* Data for processing:
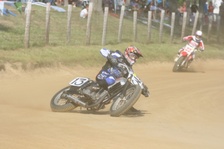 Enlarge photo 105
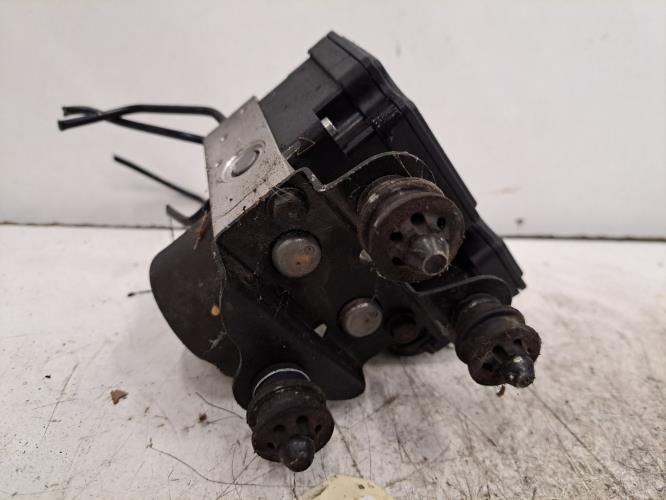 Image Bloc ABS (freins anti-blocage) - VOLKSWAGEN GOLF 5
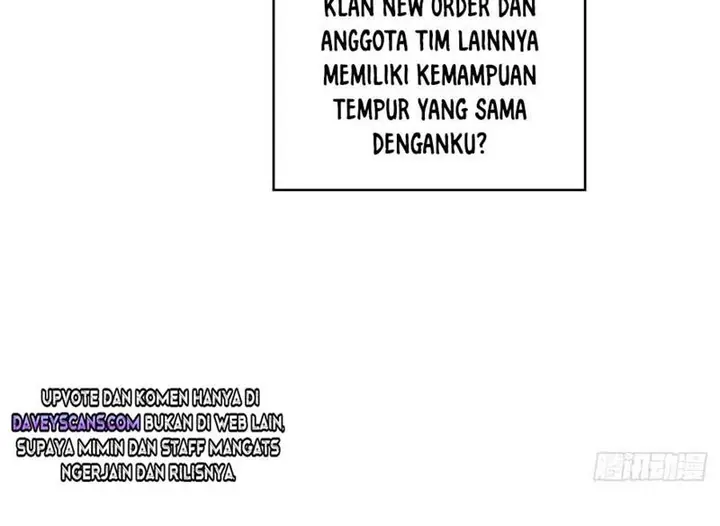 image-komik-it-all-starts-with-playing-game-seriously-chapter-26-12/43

--

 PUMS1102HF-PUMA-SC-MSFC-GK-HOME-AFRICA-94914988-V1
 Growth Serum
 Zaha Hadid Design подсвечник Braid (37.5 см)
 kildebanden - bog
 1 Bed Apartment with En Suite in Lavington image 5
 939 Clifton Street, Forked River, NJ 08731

* Problem to work on: What you return must be the lines above that run from the line with "PUMS1102HF-PUMA-SC-MSFC-GK-HOME-AFRICA-94914988-V1" to the line with "939 Clifton Street, Forked River, NJ 08731", inclusive, each copied exactly.

* Your solution:
 PUMS1102HF-PUMA-SC-MSFC-GK-HOME-AFRICA-94914988-V1
 Growth Serum
 Zaha Hadid Design подсвечник Braid (37.5 см)
 kildebanden - bog
 1 Bed Apartment with En Suite in Lavington image 5
 939 Clifton Street, Forked River, NJ 08731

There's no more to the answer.